Things That Don't Change -- SGML Basics

SGML and HTML are made up of elements (which are often called tags) and content. Tags and elements are not quite the same thing. An element is the fundamental basis for a tag. For example, in a tag which marks up a hyperlink, such as

<A href="">Hyperlink Text</A>

the element is the letter A (which stands for 'Anchor'), the attribute is href (which stands for 'Hypertext REFerence'), the value of the attribute is, which is the address of the document which will load when the hyperlink is activated, and the tag is the element, its attributes and their values, contained within delimiters. The content of this tag is the words Hyperlink Text. Tag delimiters are often called "brackets" and are the < (open delimiter, or 'Less-Than') and > (end delimiter, or 'Greater-Than') symbols. Attribute values must be delimited by (contained within) either single ( ' ascii 039 ) or double ( " ascii 034 ) quotation marks*. Most tags are used as "containers" in that the text which is to be rendered by the markup is contained between an open tag and an end tag. The end tag is recognizable by the forward slash, or "solidus" ( / ) which follows the open delimiter and precedes the element. End tags do not have attributes, and are not always required. For more details about which elements require end tags, the HTML 3.2 and the HTML 4.0 Reference Specifications at World Wide Web Consortium describe in detail the precise usage of each element.

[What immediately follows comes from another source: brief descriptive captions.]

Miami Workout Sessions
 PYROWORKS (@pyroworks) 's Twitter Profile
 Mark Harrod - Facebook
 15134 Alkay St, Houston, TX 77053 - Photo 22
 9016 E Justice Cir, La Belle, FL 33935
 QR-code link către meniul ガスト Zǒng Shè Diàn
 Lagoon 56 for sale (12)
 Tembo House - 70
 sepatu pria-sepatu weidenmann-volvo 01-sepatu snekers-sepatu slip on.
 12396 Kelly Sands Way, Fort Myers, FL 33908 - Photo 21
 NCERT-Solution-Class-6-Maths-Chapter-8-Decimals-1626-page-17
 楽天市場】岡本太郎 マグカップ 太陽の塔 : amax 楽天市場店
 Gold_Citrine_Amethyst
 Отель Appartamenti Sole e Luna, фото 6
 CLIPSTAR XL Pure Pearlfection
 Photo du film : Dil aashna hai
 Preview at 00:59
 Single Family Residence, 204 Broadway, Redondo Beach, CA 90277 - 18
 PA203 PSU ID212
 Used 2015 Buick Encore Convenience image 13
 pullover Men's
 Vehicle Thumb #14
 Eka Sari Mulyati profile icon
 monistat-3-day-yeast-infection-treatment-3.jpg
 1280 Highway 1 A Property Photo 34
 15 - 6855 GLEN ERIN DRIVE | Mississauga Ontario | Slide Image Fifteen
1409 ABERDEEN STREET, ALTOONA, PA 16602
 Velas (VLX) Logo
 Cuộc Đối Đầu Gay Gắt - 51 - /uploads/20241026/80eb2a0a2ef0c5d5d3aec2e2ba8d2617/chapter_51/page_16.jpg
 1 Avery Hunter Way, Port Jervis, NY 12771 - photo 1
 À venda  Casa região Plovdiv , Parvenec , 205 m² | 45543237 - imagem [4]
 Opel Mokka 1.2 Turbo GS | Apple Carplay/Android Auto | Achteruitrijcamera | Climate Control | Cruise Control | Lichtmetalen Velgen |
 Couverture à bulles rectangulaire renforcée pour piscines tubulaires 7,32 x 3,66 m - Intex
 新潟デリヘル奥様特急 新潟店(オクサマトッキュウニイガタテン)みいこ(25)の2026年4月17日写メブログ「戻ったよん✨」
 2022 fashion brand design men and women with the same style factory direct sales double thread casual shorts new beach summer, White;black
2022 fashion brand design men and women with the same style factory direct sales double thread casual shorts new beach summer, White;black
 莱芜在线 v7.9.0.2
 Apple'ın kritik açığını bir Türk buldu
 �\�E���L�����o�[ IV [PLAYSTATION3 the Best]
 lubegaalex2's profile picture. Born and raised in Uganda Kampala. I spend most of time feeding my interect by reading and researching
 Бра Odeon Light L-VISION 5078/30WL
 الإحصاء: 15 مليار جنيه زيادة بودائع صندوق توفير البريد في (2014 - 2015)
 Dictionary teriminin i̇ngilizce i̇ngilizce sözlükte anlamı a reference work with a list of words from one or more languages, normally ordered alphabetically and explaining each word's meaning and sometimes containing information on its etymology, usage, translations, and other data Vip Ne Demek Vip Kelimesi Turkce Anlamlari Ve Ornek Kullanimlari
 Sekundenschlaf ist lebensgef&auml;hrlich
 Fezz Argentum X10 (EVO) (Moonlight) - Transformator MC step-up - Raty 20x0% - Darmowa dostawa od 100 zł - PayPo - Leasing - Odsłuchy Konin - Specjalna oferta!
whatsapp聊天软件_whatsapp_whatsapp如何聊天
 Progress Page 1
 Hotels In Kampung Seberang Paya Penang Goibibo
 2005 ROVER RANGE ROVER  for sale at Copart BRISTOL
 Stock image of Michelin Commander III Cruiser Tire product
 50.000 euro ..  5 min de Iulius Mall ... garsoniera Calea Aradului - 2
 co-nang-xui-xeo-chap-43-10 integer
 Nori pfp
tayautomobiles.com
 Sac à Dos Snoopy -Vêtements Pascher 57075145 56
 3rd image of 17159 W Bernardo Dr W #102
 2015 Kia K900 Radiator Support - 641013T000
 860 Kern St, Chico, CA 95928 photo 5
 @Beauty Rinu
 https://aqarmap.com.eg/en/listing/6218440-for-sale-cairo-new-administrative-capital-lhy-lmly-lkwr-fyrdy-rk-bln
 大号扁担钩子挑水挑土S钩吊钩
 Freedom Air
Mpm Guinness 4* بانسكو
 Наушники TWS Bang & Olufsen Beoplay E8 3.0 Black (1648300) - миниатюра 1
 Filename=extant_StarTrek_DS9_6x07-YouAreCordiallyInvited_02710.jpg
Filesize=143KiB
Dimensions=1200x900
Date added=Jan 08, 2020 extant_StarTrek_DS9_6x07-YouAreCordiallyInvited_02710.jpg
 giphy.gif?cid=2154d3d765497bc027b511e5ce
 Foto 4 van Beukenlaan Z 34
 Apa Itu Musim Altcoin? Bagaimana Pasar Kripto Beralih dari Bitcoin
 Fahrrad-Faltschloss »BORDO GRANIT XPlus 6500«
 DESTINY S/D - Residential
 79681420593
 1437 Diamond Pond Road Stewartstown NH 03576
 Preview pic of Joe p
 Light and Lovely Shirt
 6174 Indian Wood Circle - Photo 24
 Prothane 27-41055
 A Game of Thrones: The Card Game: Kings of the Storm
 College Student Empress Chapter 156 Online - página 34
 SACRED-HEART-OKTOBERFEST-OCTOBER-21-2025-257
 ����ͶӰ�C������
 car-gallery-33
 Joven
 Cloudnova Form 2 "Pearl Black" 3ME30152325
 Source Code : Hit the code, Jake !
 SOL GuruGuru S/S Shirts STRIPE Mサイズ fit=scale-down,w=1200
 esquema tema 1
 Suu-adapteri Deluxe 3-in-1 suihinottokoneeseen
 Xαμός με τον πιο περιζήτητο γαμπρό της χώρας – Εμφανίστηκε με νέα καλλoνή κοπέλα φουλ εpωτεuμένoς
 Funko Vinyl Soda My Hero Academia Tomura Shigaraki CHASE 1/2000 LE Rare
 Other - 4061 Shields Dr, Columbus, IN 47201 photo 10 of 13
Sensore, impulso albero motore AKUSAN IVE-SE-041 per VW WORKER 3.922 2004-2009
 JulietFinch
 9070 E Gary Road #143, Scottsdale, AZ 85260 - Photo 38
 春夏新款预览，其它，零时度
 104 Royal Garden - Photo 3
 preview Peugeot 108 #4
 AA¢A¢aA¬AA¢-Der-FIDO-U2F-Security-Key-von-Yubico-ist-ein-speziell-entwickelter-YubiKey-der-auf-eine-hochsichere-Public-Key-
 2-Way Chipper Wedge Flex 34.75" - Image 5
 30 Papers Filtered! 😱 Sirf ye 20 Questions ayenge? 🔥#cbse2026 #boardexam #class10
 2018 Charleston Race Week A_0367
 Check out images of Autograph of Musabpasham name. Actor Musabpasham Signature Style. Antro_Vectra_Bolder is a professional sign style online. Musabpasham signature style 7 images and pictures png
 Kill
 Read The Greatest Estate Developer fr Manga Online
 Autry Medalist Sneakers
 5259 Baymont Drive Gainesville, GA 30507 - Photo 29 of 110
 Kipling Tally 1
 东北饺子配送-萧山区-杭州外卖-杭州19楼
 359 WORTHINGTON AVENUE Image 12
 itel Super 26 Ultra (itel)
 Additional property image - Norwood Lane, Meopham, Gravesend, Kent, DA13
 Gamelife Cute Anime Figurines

In general, tags are case insensitive. A tag that says <BLOCKQUOTE> will do exactly the same thing that a tag which says <bLoCkQuOtE> although if you choose the latter style you should plan on spending a lot more time typing. Generally speaking people put tags in ALL UPPERCASE LETTERS to make them more visible, however I generally make all my tags lowercase, to save time. Many HTML authoring tools have color-coding functionality built into them to clearly identify what in the document is a tag and what is not, and some even color-code different types of tags. A HTML authoring tool is not necessary to write successful web pages, it can be done in any basic text editor such as NotePad (for Windows), SimpleText (for Mac) or PICO (for Unix-like systems), and can also be done using more advanced programs such as MSWord, or PageMaker that have the ability to output documents in a text-only (ASCII) format.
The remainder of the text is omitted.